Il ricorso per cassazione deve essere articolato in specifici motivi riconducibili in maniera immediata e inequivocabile ad una delle cinque ragioni di impugnazione stabilite tassativamente dall’art. 360, co. 1, c.p.c., pur senza la necessaria adozione di formule sacramentali o, l’esatta indicazione numerica di una delle predette ipotesi.
Il Tribunale di Roma aveva respinto l’impugnativa – rigetto confermato anche in grado d’appello – di una serie di licenziamenti all’esito d’una procedura di riduzione di personale ex lege n. 223/91.
Con il primo motivo di ricorso in Cassazione, gli interessati denunciano vizio di insufficiente e contraddittoria motivazione in ordine alla lamentata scorrettezza della procedura di mobilità, dapprima iniziata per 93 posizioni lavorative, poi ridotte a 41, ma in realtà sostanzialmente finalizzata ad eliminare dalla compagine sociale i ricorrenti in quanto lavoratori scomodi perché determinati a far valere i propri diritti.
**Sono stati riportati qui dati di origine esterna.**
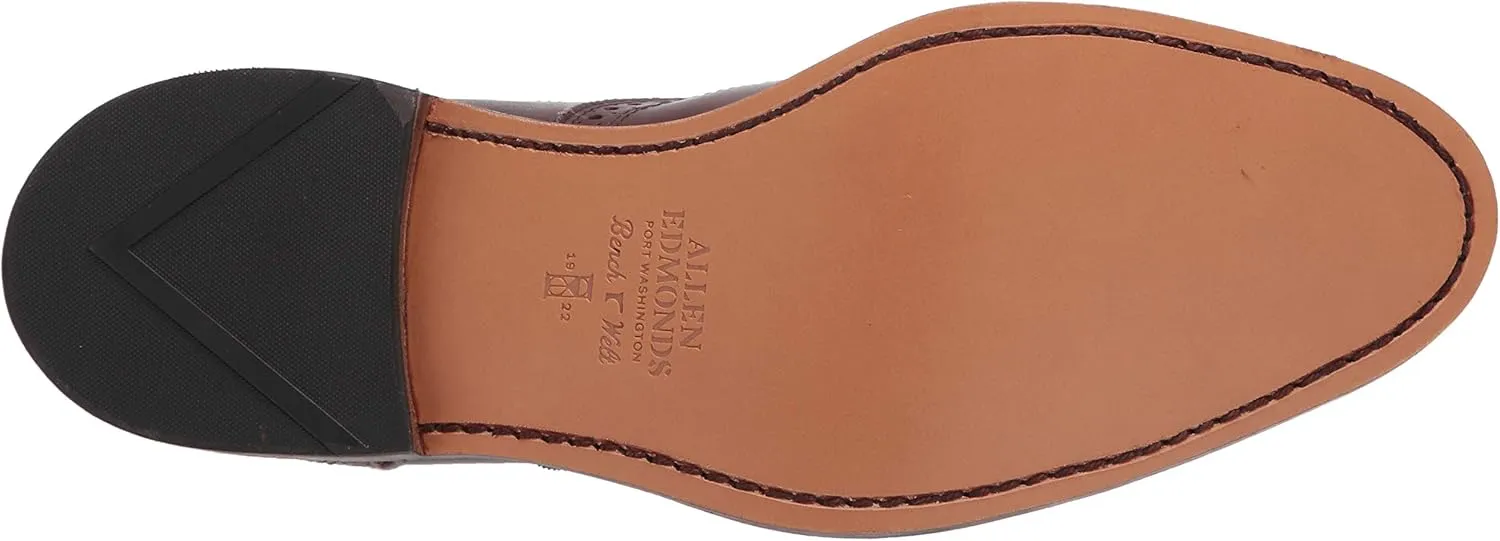 Allen Edmonds Men's Fine Oxford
Il motivo è stato però disatteso in Cassazione perché sostanzialmente sollecita una rivisitazione nel merito della vicenda e delle risultanze processuali affinché se ne fornisca un diverso apprezzamento.
Il secondo motivo censura la sentenza per omessa motivazione in ordine ad un fatto controverso per il giudizio, consistente nel carattere discriminatorio e punitivo dell’espulsione dei ricorrenti, nonostante che essi avessero dimostrato che la società, pur licenziando, alla fine, soltanto 4 dipendenti ritenuti in esubero, aveva contemporaneamente ricercato sul mercato del lavoro nuove posizioni. Il motivo è stato considerato infondato perché, in realtà, la sentenza impugnata ha implicitamente risposto nel momento in cui ha considerato non arbitrari né discrezionali i criteri applicati nell’individuare i lavoratori in esubero.
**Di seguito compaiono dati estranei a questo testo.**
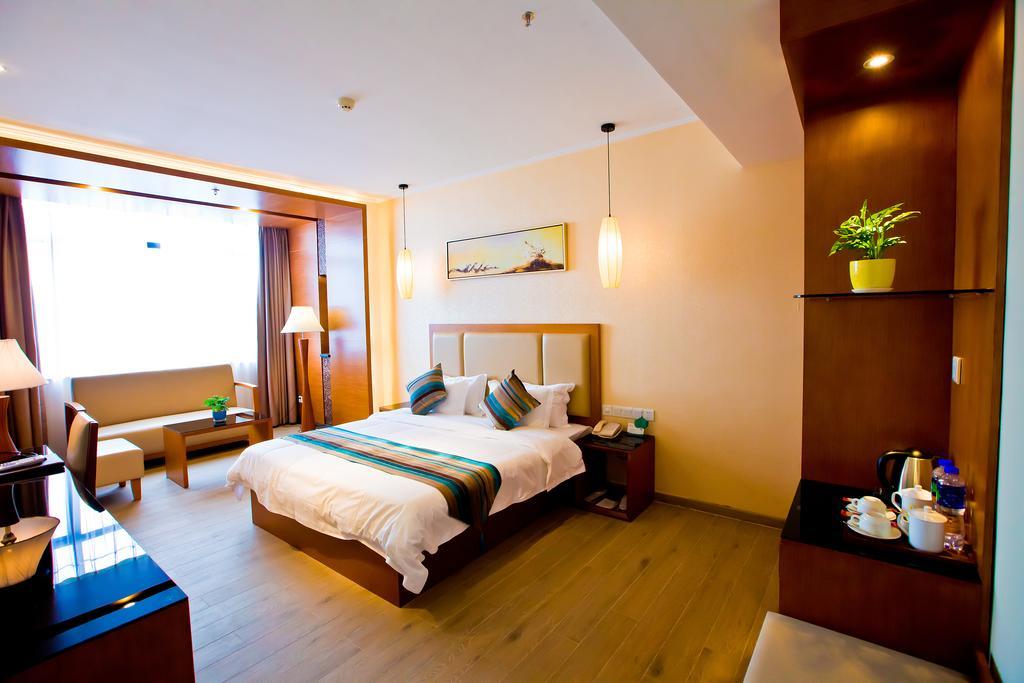 Shanghui International Hotel قوانغتشو الغرفة الصورة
Con il terzo motivo si lamenta l’omessa motivazione in ordine alla mancata ammissione dei mezzi di prova (come i libri paga e matricola, ora LUL) intesi a dimostrare l’aumento dei ricavi (contrariamente a quanto sostenuto dalla società), le nuove assunzioni durante l’espletamento della procedura di mobilità in corso di procedura. Anche tale motivo è inammissibile perché deduce come vizio di motivazione quello che, invece, deve qualificarsi come error in procedendo. Già precedentemente infatti si era affermato che il ricorso per cassazione, avendo ad oggetto censure espressamente e tassativamente previste dall’art. 360, comma 1, cod. proc. civ., deve essere articolato in specifici motivi riconducibili in maniera immediata e inequivocabile ad una delle cinque ragioni di impugnazione stabilite dalla norma citata, pur senza la necessaria adozione di formule sacramentali o, l’esatta indicazione numerica di una delle predette ipotesi.
Pertanto, si deve dichiarare inammissibile il gravame che lamenti un vizio di motivazione anziché un motivo di nullità della sentenza per violazione di legge processuale.
Infine, il quarto motivo prospetta violazione e falsa applicazione dell’art. 4 legge n. 223 del 1991 circa le modalità applicative dei criteri di scelta dei lavoratori da licenziare e la formazione della relativa graduatoria. Anche rispetto a tale doglianza vale quanto sopra affermato, i ricorrenti sostanzialmente sollecitano una rivisitazione nel merito della vicenda e delle risultanze processuali affinché se ne fornisca un diverso apprezzamento, che richiederebbe un accesso diretto agli atti e una loro delibazione non consentita in sede di legittimità.
In conclusione, il ricorso è da rigettarsi (Cassazione n. 18666/2017).